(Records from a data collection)
···

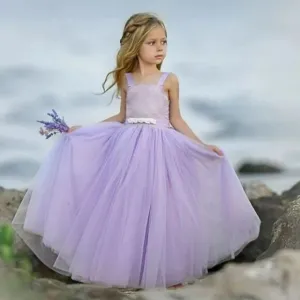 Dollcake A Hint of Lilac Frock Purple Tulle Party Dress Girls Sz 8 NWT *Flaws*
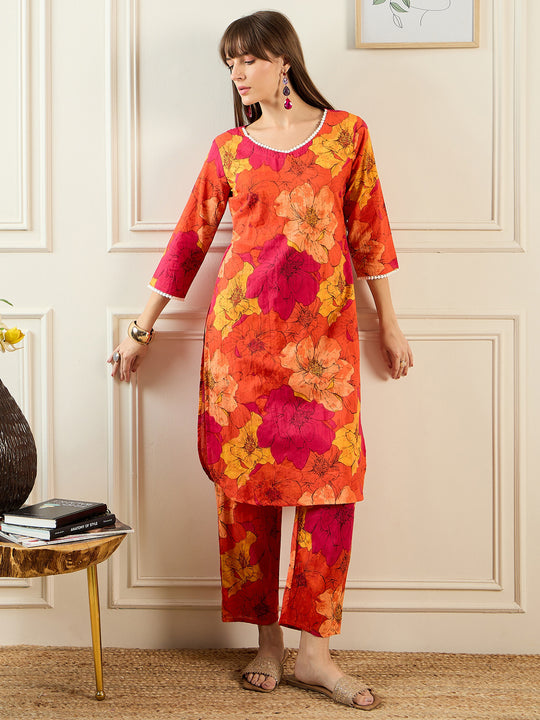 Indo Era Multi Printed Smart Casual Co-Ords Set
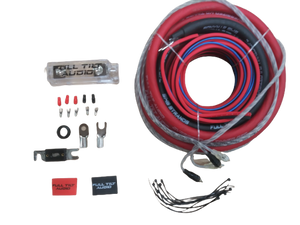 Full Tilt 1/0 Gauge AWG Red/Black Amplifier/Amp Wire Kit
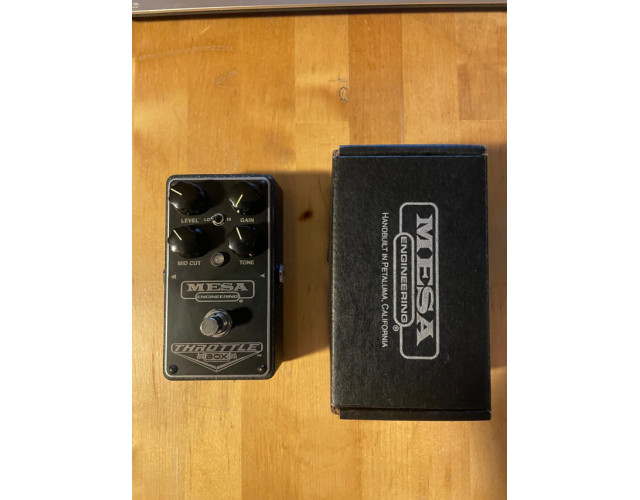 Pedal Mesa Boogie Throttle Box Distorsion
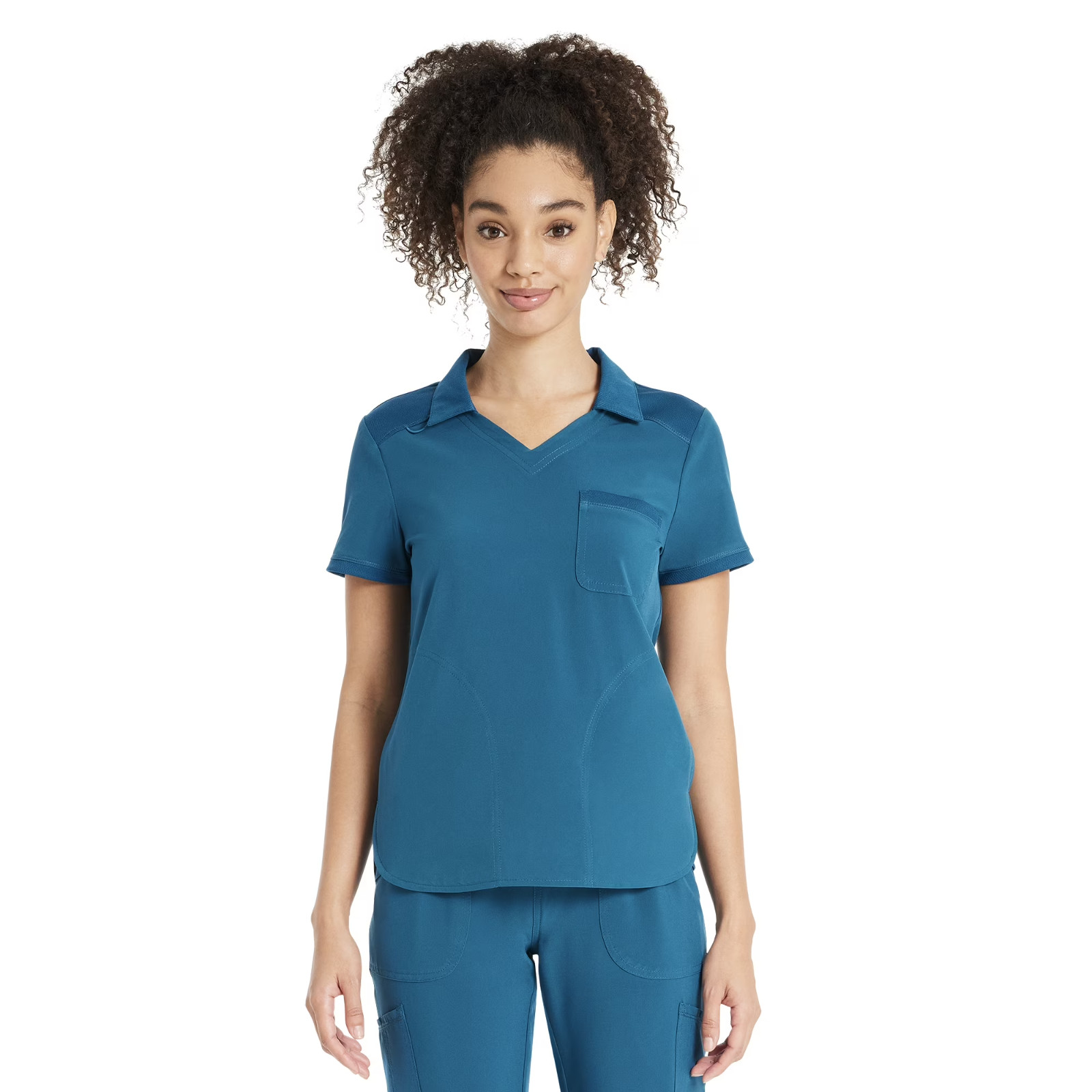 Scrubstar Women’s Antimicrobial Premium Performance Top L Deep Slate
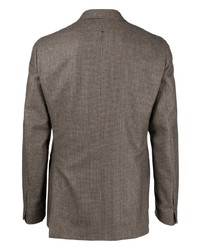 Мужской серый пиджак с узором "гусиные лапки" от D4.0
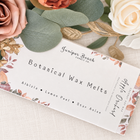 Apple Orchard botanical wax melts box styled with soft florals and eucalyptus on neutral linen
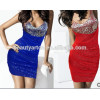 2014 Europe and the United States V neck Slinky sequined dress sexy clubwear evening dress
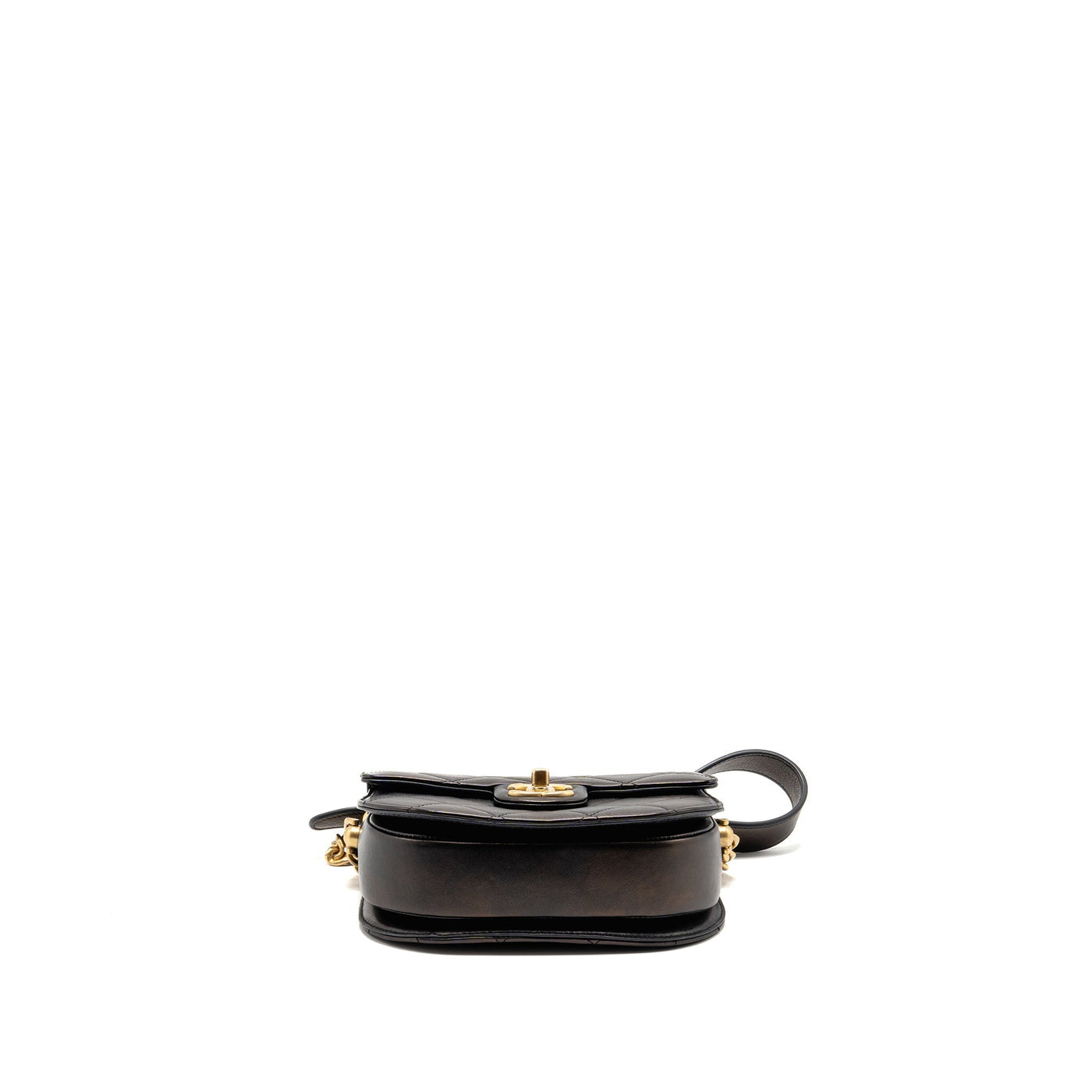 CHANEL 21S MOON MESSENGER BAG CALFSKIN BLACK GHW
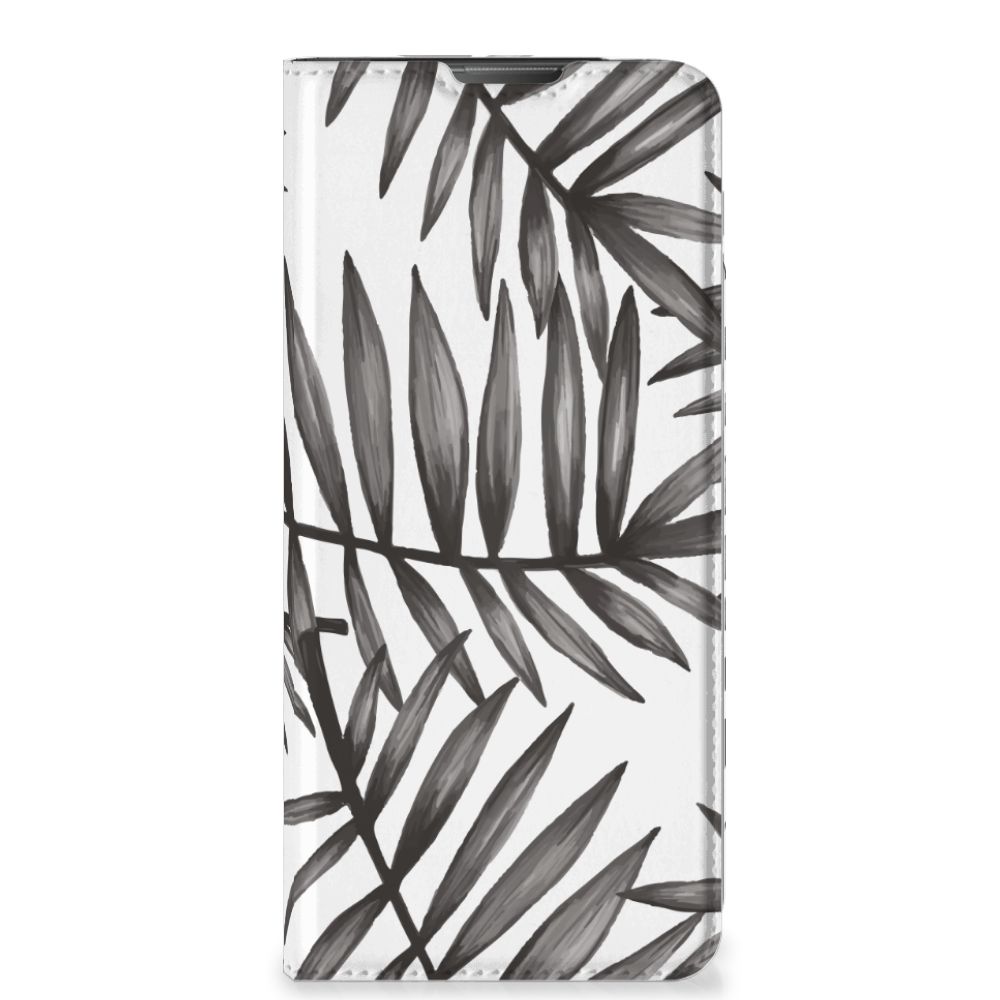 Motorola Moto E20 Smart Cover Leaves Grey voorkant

···

§ **THE PROBLEM**
Your answer must be the records above, word for word, with every picture left out.

§ **WRITTEN SOLUTION**
 Dollcake A Hint of Lilac Frock Purple Tulle Party Dress Girls Sz 8 NWT *Flaws*
 Indo Era Multi Printed Smart Casual Co-Ords Set
 Full Tilt 1/0 Gauge AWG Red/Black Amplifier/Amp Wire Kit
 Pedal Mesa Boogie Throttle Box Distorsion
 Scrubstar Women’s Antimicrobial Premium Performance Top L Deep Slate
 Мужской серый пиджак с узором "гусиные лапки" от D4.0
 Apple Orchard botanical wax melts box styled with soft florals and eucalyptus on neutral linen
 2014 Europe and the United States V neck Slinky sequined dress sexy clubwear evening dress
 CHANEL 21S MOON MESSENGER BAG CALFSKIN BLACK GHW
 Motorola Moto E20 Smart Cover Leaves Grey voorkant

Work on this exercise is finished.